Ante la supuesta contradicción de un Estado Funcional y un Estado Pequeño, el autor de esta columna plantea que «el problema no es el tamaño, sino la capacidad de respuesta del Estado», desmitificando la idea de que su reducción conllevaría necesariamente progreso.
Por Ignacio E. Muñoz Ramírez
En un mundo donde las políticas públicas a menudo se diseñan más para impresionar a los economistas de redes sociales que para resolver problemas reales, nos encontramos con el cuento del «Estado pequeño». Dicen los defensores de esta fantasía que cuanto menos haga el gobierno, más libre será la sociedad. Como si la eficiencia estatal fuera proporcional a la reducción del personal público, y no a una administración bien diseñada. Entonces, ¿Cómo va Chile en este terreno? Bueno, la verdad es que nos hemos vendido la idea de que menos Estado es mejor Estado.
La OCDE nos da algunas pistas. Chile, con un gasto público de cerca del 25% del PIB, está por debajo del promedio de los países desarrollados, que se sitúa alrededor del 40%. A primera vista, esto debería ser un punto de orgullo para los defensores del «Estado pequeño», quienes verán en ello un triunfo del «menos es más». Sin embargo, este dato no cuenta la historia completa. En países como Dinamarca o Suecia, donde el gasto público supera el 50% del PIB, la eficiencia del Estado no solo es elevada, sino que también impulsa altos niveles de satisfacción ciudadana y desarrollo económico.
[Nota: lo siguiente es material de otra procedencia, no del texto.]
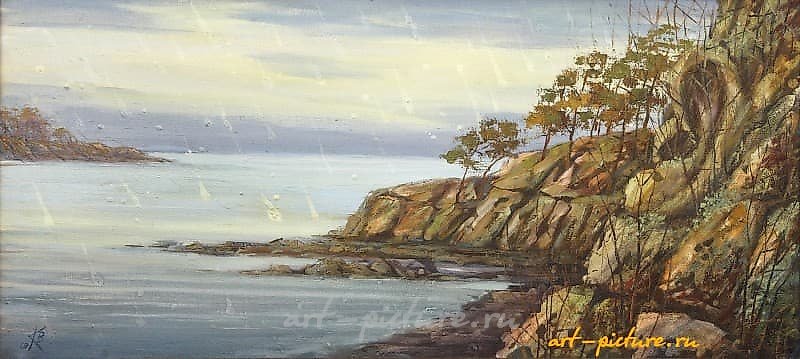Белая ночь масло, холст 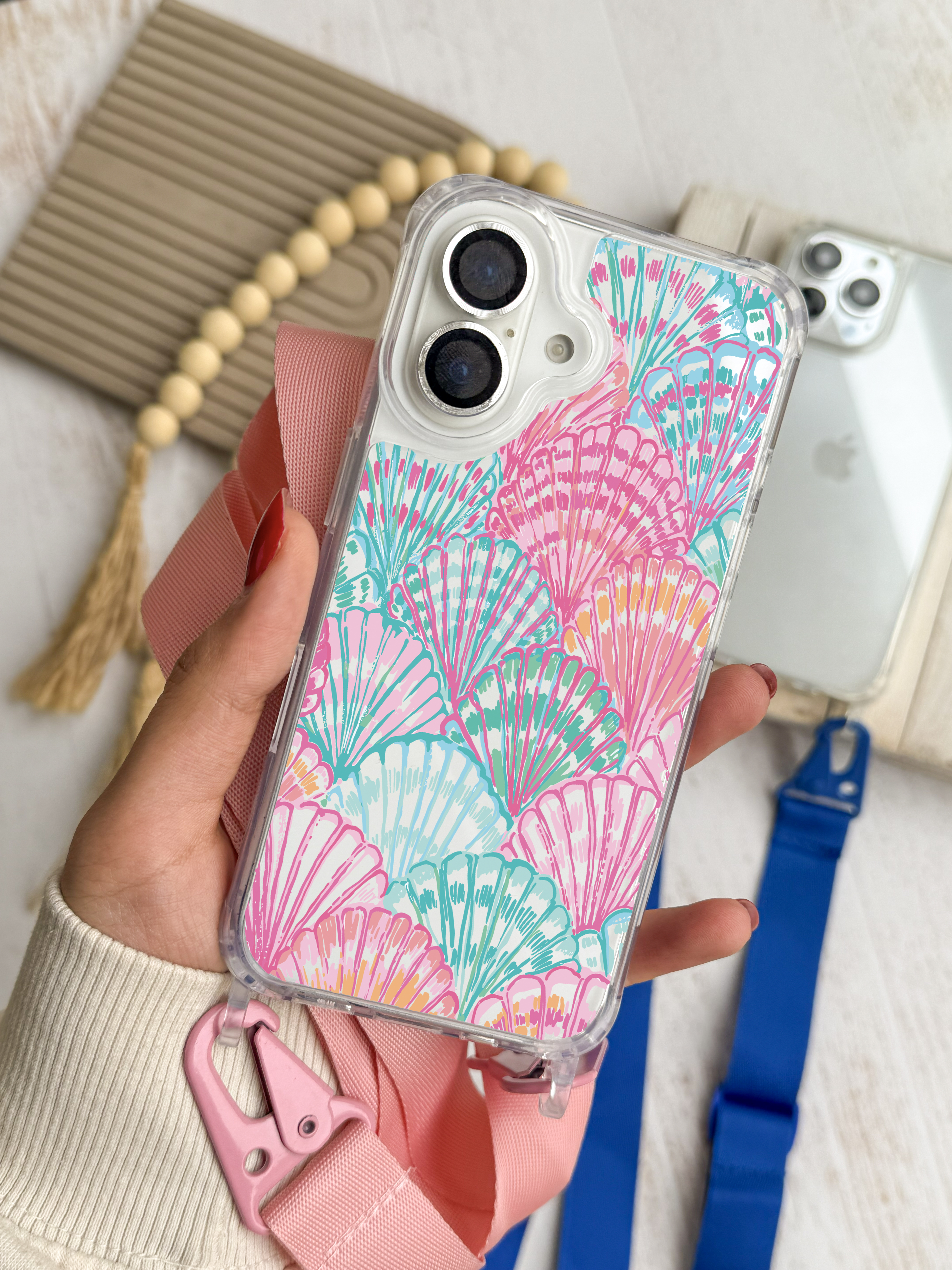 قاب موبایل سفارشی دوقلاب | Shell Bloom  (کد 0558)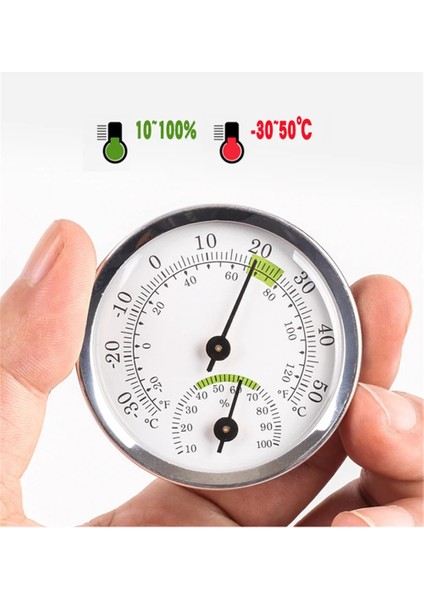 Gümüş Yeşil Kapalı Duvara Monte Termometre Higrometre Işaretçi Mini Nem Ölçer Termometre Oda Taşınabilir Higrometre Hava Istasyonu (Yurt Dışından) fiyatları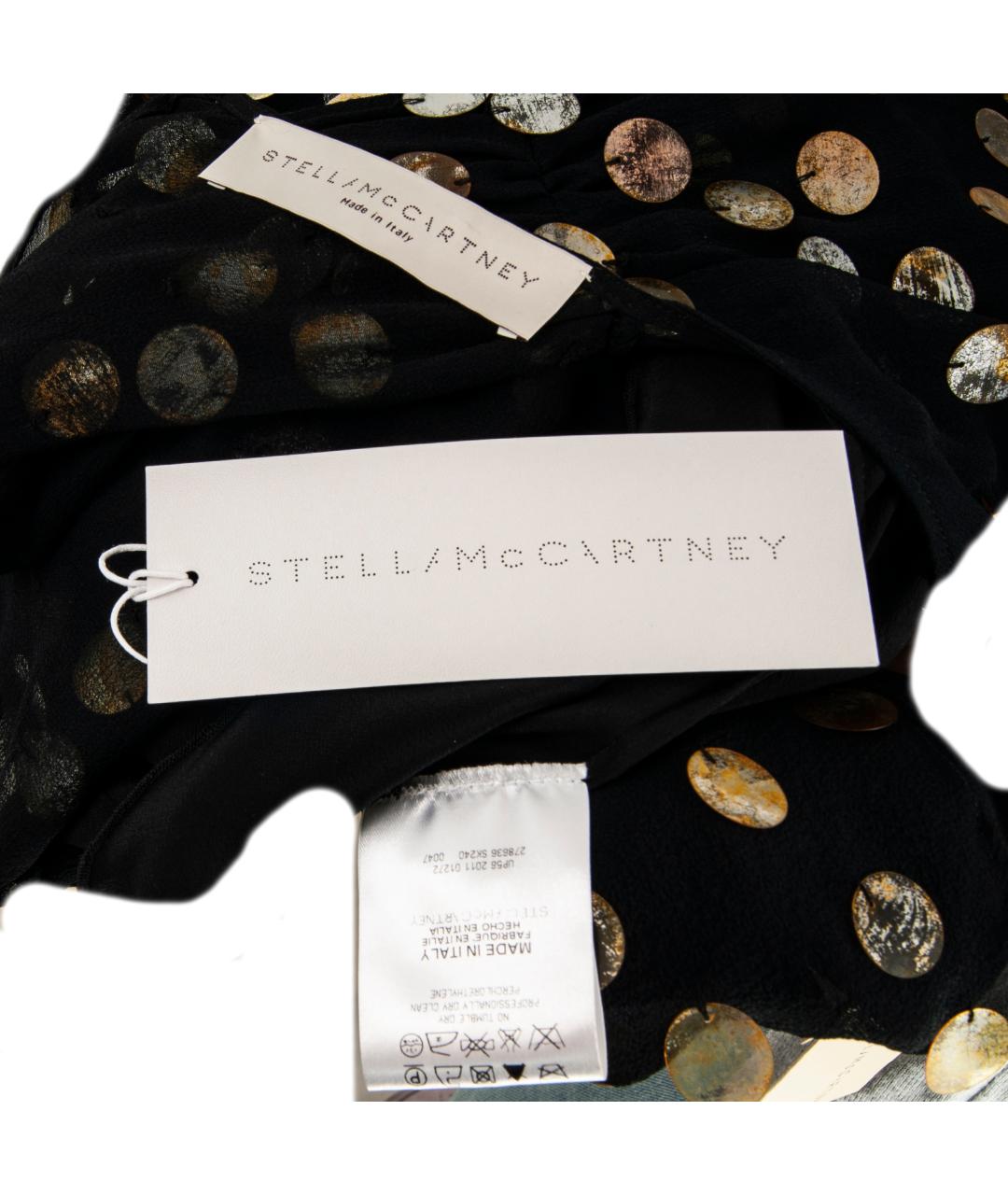 STELLA MCCARTNEY Черное шелковое вечернее платье, фото 4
En realidad, reducir el tamaño del Estado no implica necesariamente que los problemas se resuelvan solos. Si bien países como Nueva Zelanda, con un gasto estatal cercano al 35% del PIB, han optimizado su gobierno, esto no se debe a una poda brutal de empleados públicos, sino a un enfoque en eficiencia y funcionalidad. Mientras tanto, en Chile, el discurso de «menos Estado» ha dejado un sistema que, aunque pequeño, parece estar en perpetuo estado de colapso.
Un Estado funcional no es aquel que gasta poco, sino el que gasta bien. Países como Finlandia, con un tamaño del Estado considerable, han implementado sistemas que permiten una educación pública de alta calidad, una red de salud universal y un sistema de pensiones que realmente cubre a sus jubilados. Y lo hacen con un nivel de corrupción mucho menor que el de Chile, país donde el índice de percepción de la corrupción sigue siendo alto, según Transparencia Internacional, y que, fuera de esas percepciones, nos ha proporcionado una cantidad increíble de "casos aislados" que dan cuenta de ello.
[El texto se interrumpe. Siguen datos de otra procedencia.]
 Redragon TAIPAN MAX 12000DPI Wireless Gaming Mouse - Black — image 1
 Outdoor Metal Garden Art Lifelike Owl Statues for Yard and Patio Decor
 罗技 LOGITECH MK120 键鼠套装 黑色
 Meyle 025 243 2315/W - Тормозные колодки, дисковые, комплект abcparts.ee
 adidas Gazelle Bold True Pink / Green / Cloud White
El problema no es el tamaño, sino la capacidad de respuesta del Estado. Chile ocupa el puesto 45 en el Índice de Competitividad Global, lejos de las economías más avanzadas del mundo. Parte de este rezago se debe a la falta de inversión en tecnologías que faciliten una gestión eficiente y a la resistencia a implementar procesos de gestión modernos que optimicen el uso de los recursos. Menos personal público no es sinónimo de más eficiencia, y menos gasto público no es sinónimo de mejor administración. Simplemente, es un ahorro de corto plazo que condena a las instituciones a una incapacidad crónica para responder a las demandas ciudadanas.
La solución, no es recortar más personal, sino invertir en procesos, tecnologías y capacitación. Un Estado que funciona debe actualizar sus metodologías de gestión, implementar herramientas digitales que faciliten la interacción entre el gobierno y los ciudadanos, y mejorar la preparación de su personal público. No se trata de reducir el Estado hasta convertirlo en una miniatura de lo que debería ser, sino de transformarlo en una maquinaria bien engrasada.
Dinamarca no es ejemplo de un «estado pequeño», sino de uno funcional, donde la tecnología y la gestión moderna son aliados en lugar de enemigos del sector público. El informe de la OCDE muestra que los países que han invertido en tecnologías de la información, metodologías ágiles de gestión y personal altamente capacitado, como Estonia y Suecia, son también los que mejor responden a las crisis y más rápidamente se adaptan a los cambios.
Así que aquí estamos, con la idea romántica de que un «estado pequeño» es la clave del progreso, cuando en realidad la historia y los datos muestran otra cosa. Un Estado que invierte en las herramientas necesarias para funcionar mejor es el verdadero camino hacia el desarrollo. Más que reducir el tamaño del Estado, deberíamos enfocarnos en hacerlo más eficiente, en modernizarlo, en convertirlo en un verdadero facilitador de la vida ciudadana y el desarrollo económico. Para que Chile no siga soñando con ilusiones idealistas, sino que empiece a escribir su propia historia de éxito.